A state court in Wisconsin last week issued an order prohibiting a school district from intentionally deceiving parents about what their children are doing at school—especially if a child is struggling with his or her gender identity.
Dane County Circuit Judge Frank Remington intervened and issued an injunction Sept. 28 against the Madison Metropolitan School District, the second-largest school district in Wisconsin, with 27,000 students attending 52 schools. The injunction will remain in effect while the lawsuit that 14 parents brought against the district is on appeal.
In February, those parents sued the Madison Metropolitan School District with the help of the Scottsdale, Arizona-based Alliance Defending Freedom and the Milwaukee-based Wisconsin Institute for Law & Liberty, a right-leaning nonprofit public interest law firm. The Daily Signal reported on the case and subsequent developments in July.
In April 2018, the Madison school district quietly instituted a policy that not only promotes transgender ideology in the schools, but allows teachers to conceal pertinent information that students share.
Unfortunately, the latter part of the policy wasn’t about school-related issues such as a failing grade or a nasty spill in the hallway, but specifically about gender dysphoria–or a student’s desire to “identify with” the opposite sex–even if the child’s parents were unaware or disapproving.
Of course, the child could consent to teachers’ informing his or her parents of that, but if not, the policy instructed teachers to keep the information between them.
The judge was right to issue an injunction because the policy was unusually devious from the start.

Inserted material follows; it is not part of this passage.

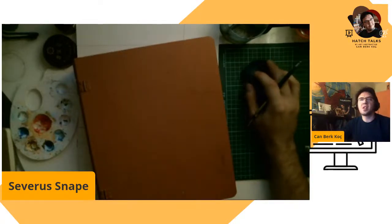Greetings citizens of Earth. Welcome to Hatch Talks, another live stream about painting and arts. So nice to see you again.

It was in no way ad hoc, accidental, or innocent: If a child approached a teacher about wanting to quietly transition to the other gender, the teacher was required to fill out a “Gender Support Plan.”
Under the federal Family Educational Rights and Privacy Act, parents can see all school records about their children, but the law excludes teachers’ personal notes from parental review. Thus, the school district instructed teachers to put any information about gender identity there, so parents would not be able to see the notes, even under federal law.

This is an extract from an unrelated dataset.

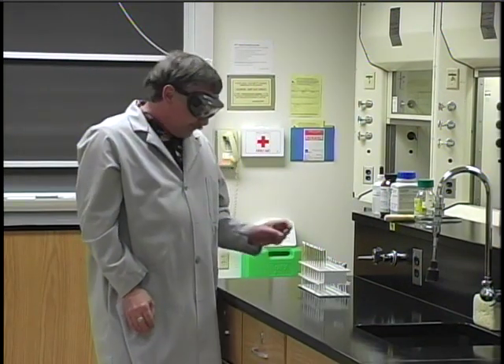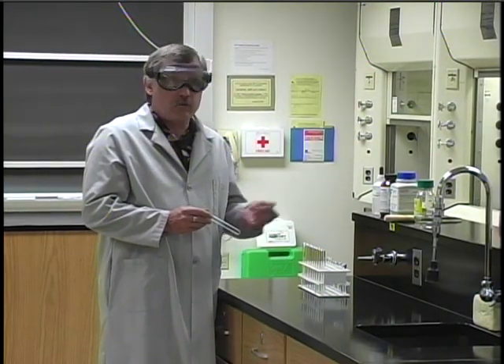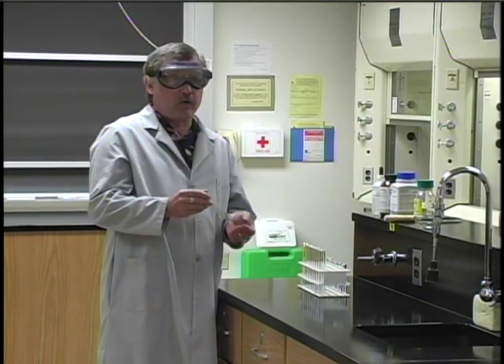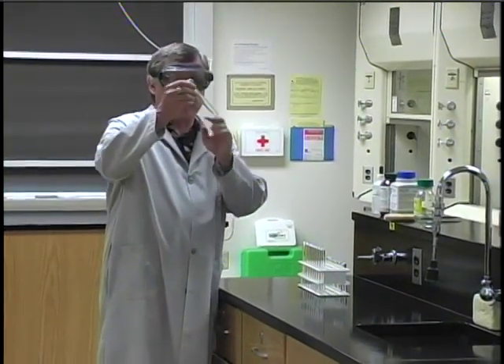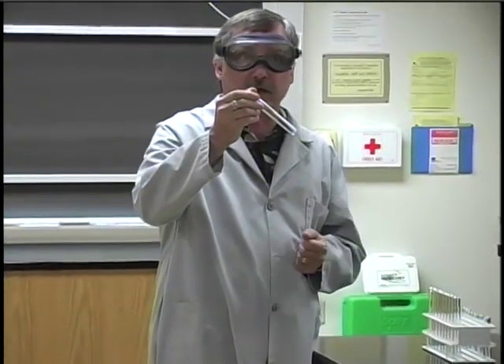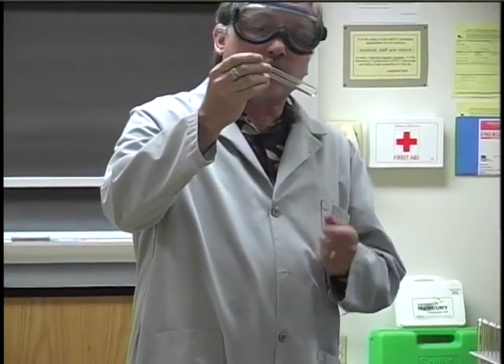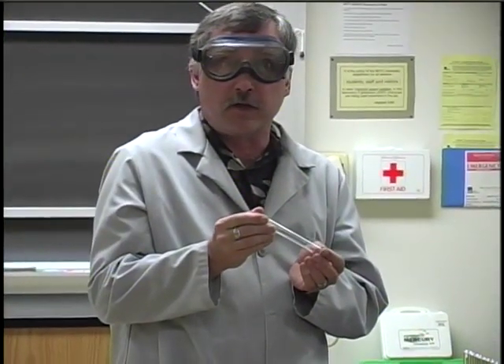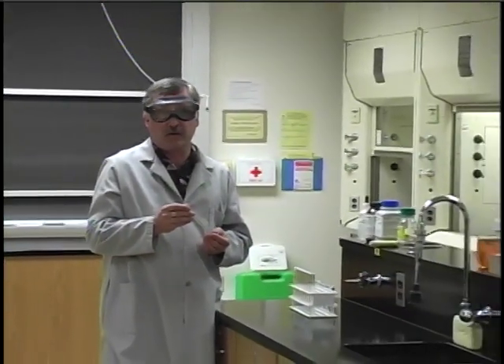Another way to prevent contamination is to inspect the glassware before you use it. Other students will be using your lab station during the semester, so before you use the equipment, look at it and make sure there's no chemical residue left over that could cause contamination. You should also inspect the glassware for chips or cracks that might make it unsafe to use. If you find any chips or cracks, tell your instructor and they'll replace it.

The district’s policy specifies: “School staff shall not disclose any information that may reveal a student’s gender identity to others, including parents or guardians and other school staff unless legally required to do so.”

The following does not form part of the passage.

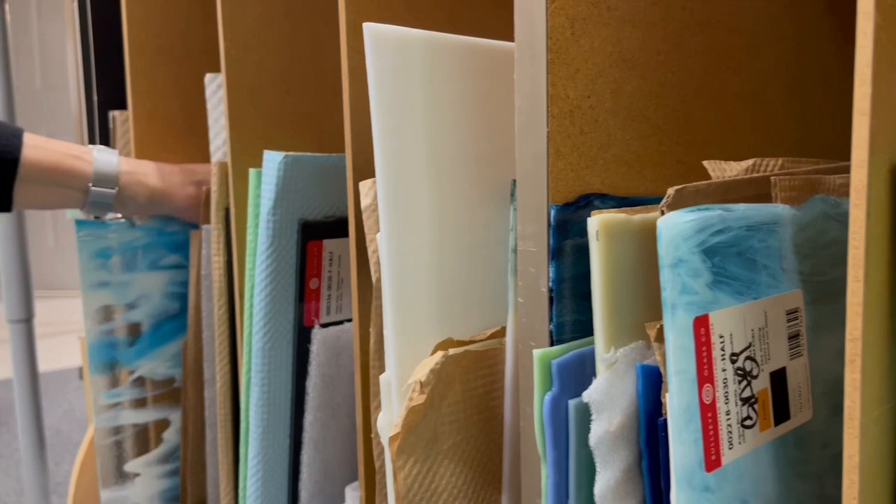Hi, this is Gabrielle Baumann, owner of GB Fused Glass. Welcome to my studio here in Burlington, Vermont.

That’s a blatant violation of parental rights, and it’s worth unpacking why it’s so egregious.
For starters, the policy itself likely took little time at all to implement. But now the case, Doe v. Madison Metropolitan School District, will linger in litigation, perhaps for years. It’s unfair, immoral, and unconstitutional for parents to lose their rights so easily and then have to spend years in court fighting for something that was already rightly theirs.
As I noted in a previous article reporting on this case: It’s hard to tell what’s worse here, that teachers are encouraged to hide a child’s secret transgender life at school behind the backs of concerned parents, completely subverting parents’ natural and legal right to this information, or that teachers essentially are encouraged to evade federal law to make this happen.
Parents pay substantial property taxes in most school districts for public school funding. That by itself should inform school policies about parental rights, not whatever social justice issue is currently popular and politically correct. That issue, right now, relates to transgenderism.
Most schools are open and transparent about what happens during the school day, and all of us know teachers who are more than happy to either brag on a child’s success or tattle on poor behavior. Yet somehow, this is not the case with this controversial, life-altering issue.
As Luke Berg, deputy counsel at the Wisconsin Institute for Law & Liberty, said in an email:
Parents should be able to trust that school staff will be open and honest with them about their kids. That shouldn’t require an injunction, but the district has refused to change its policy directing teachers to deceive parents.
The court’s order sends a clear warning to the Madison [Metropolitan] School District and to other schools with similar policies.
It’s disappointing that the second-largest school district in Wisconsin put this policy in place, defying normal parent-teacher procedures, and creatively finding ways to conceal the truth from parents about their child’s struggles with, or “decisions” about, gender identity.
It’s hardly a small issue, and it’s one that parents should know about immediately, if only so they can help get the child the therapy he or she needs.
The court is right to push the pause button on this policy until the lawsuit is resolved and, hopefully, parents’ rights in Wisconsin are fully restored.